Apesar das limitações, Portilho (2005) se
volta para as possibilidades de ação política no campo do consumo. A autora
entende que a superação dos problemas socioambientais só pode ser obtida por
intermédio da ação coletiva, que depende da formação de uma identidade e um
sentimento de pertencimento e solidariedade a um grupo social.
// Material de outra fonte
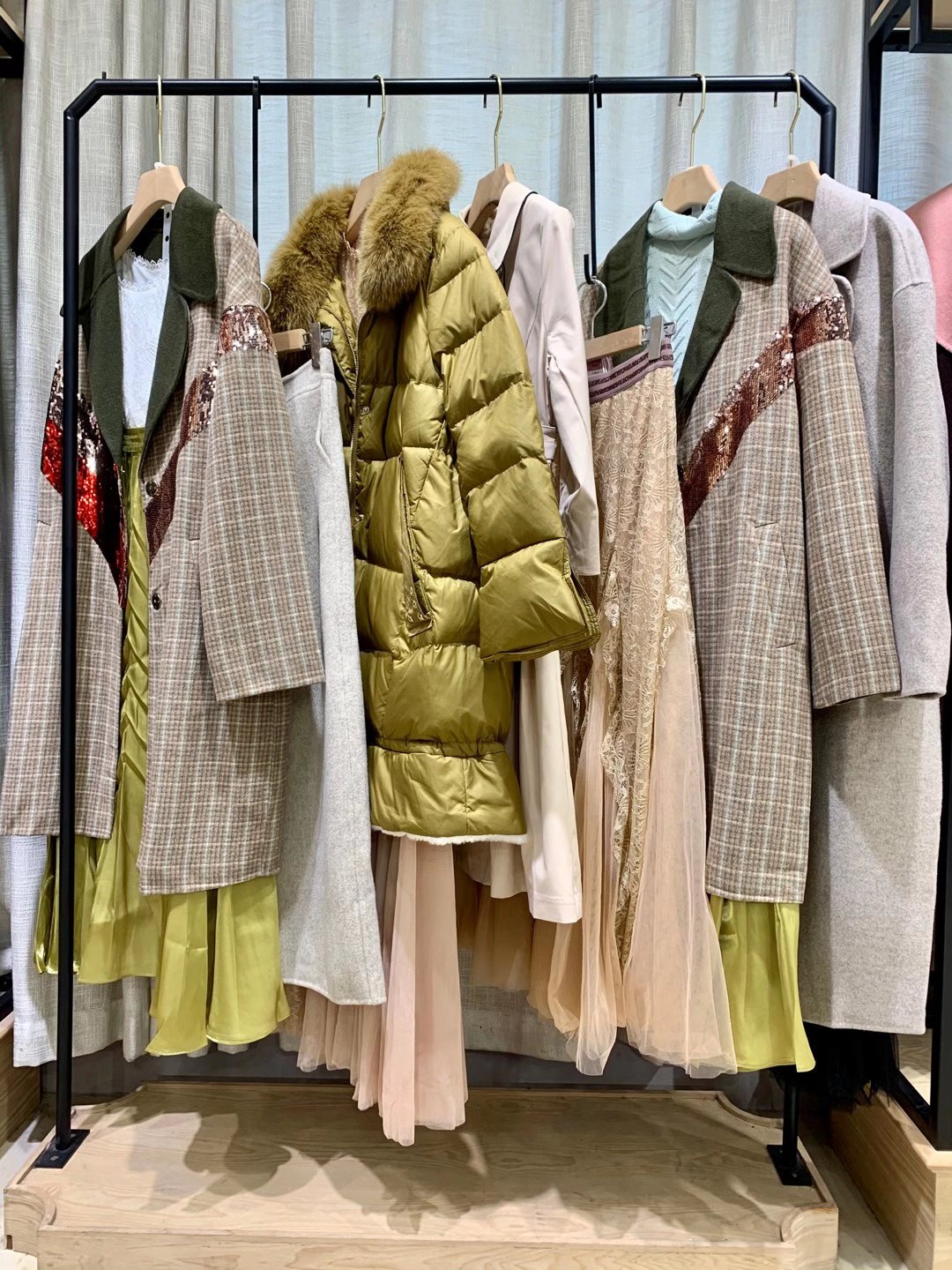 新款品牌迪骊2022品牌折扣女装尾货一手货源批发  女装折扣  女装尾货批发  女装库存尾货批发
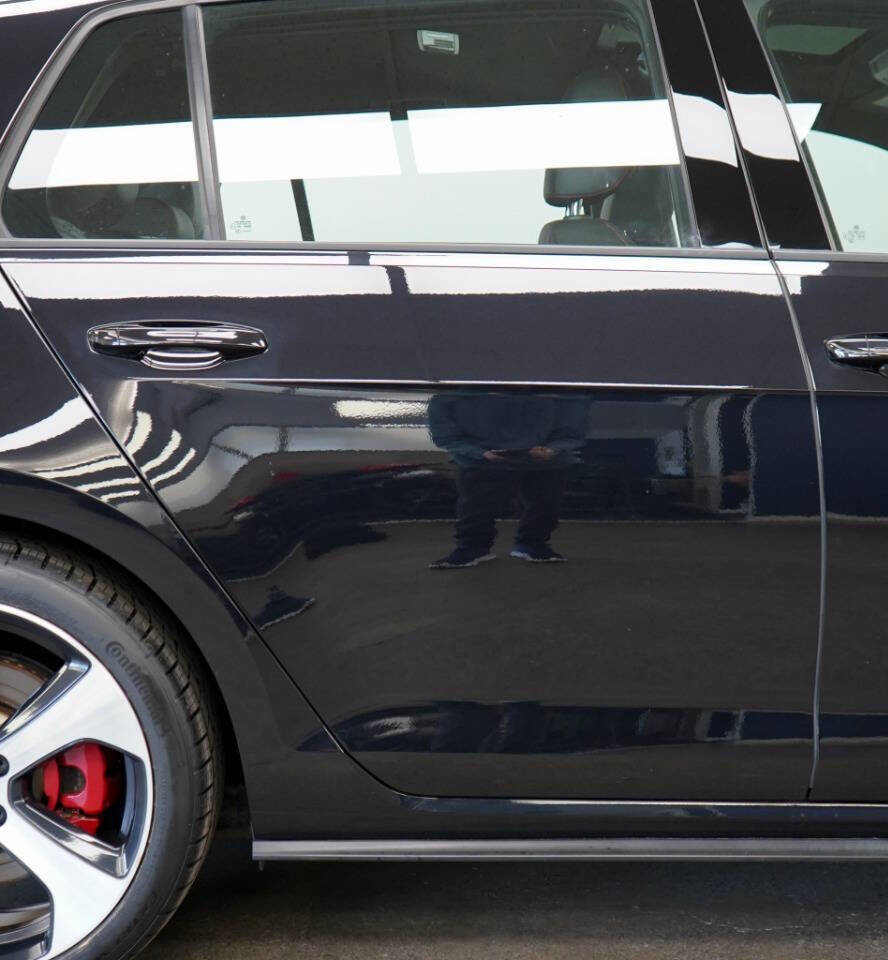 Used 2017 Volkswagen GTI Autobahn FWD image 16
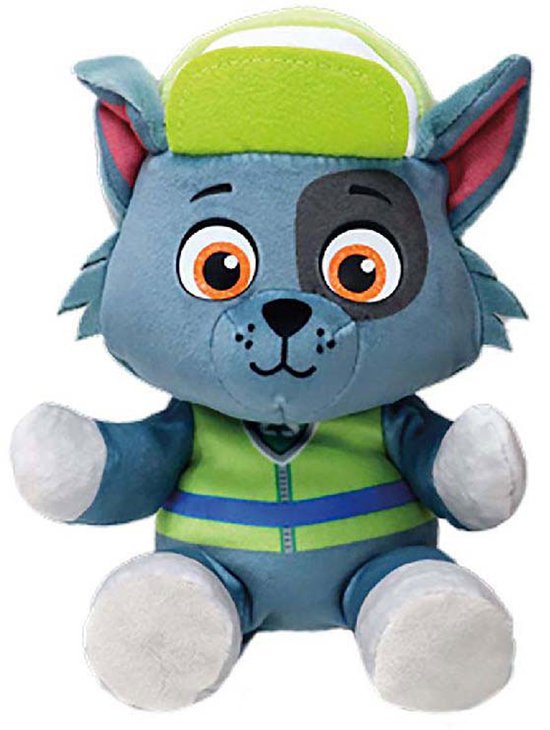 Grijze Paw Patrol knuffel Rocky met groene helm, vest en oranje ogen.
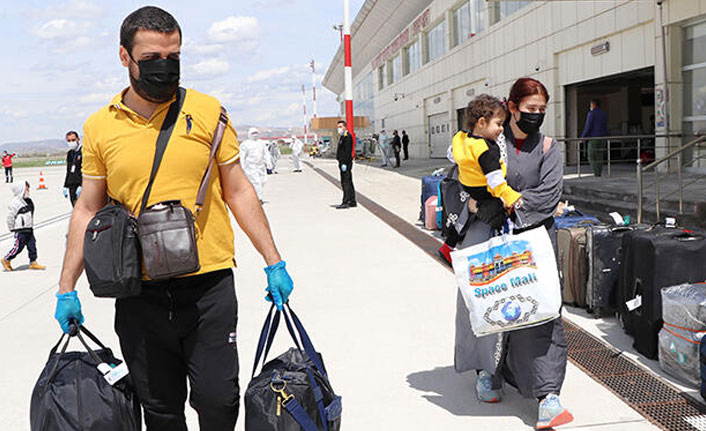 143 Türk vatandaşı, Van'da yurda yerleştirildi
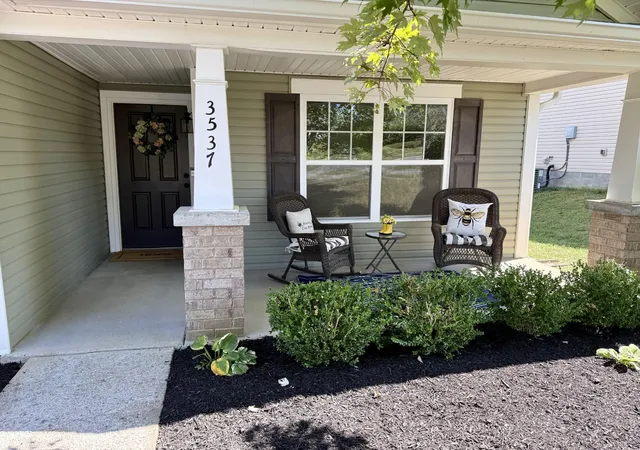 Photo 2 of Single family home for sale at 3537 Harpeth Springs Dr, Nashville, TN 37221 | MLS# 3531503 | Listing updated on 2026-09-06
Por meio destes
sentimentos, os membros de um grupo latente e indefinido como os consumidores
podem apresentar-se vinculados a outros grupos ou redes sociais, decidindo,
assim, participar de ações coletivas e recusando a lógica do “carona”.
Apesar do potencial para deflagrar ações coletivas na
esfera do consumo, com esta pesquisa procuro entender como os processos de
ambientalização e politização do consumo se desenvolvem, assim como são vividos
e experimentados na vida privada e cotidiana, por meio da observação das
práticas de compra com as quais os consumidores se percebem enquanto atores
sociais situados
entre o anonimato e a vontade de exercer um papel
político, entre as preocupações cotidianas da esfera privada e a vontade de
participar de uma esfera pública mais ampla, negociando os custos e benefícios
desta participação. Trata-se de pessoas que, por diversas razões, usam o
consumo como forma de ação política e, em alguns casos, não parecem se
interessar pela participação em movimentos institucionalizados, evitando
explicitamente esta forma de participação (PORTILHO, 2008, p. 3).
[1] Conforme apontado em Portilho &
Castañeda (2008), apesar da lacuna de conhecimento produzido sobre o uso dos
alimentos orgânicos pelos consumidores, alguns estudos se dedicaram à análise
da construção e normalização do mercado de produtos orgânicos (FONSECA, 1999 e
2005) e do movimento social de agricultura orgânica (DAROLT, 2000). A maioria
das pesquisas sobre consumidores de alimentos orgânicos se volta para a análise
do perfil e das motivações (RUCINSKY & BRADENBURG, 2002; MORO &
GUIVANT, 2006), da disponibilidade para pagar (ROPKE, 1999), das estratégias de
fortalecimento da relação entre produtores e consumidores (DAROLT &
CONSTANTY, 2007) e do papel destes consumidores
de orgânicos para o desenvolvimento rural sustentável (DAROLT, 2005).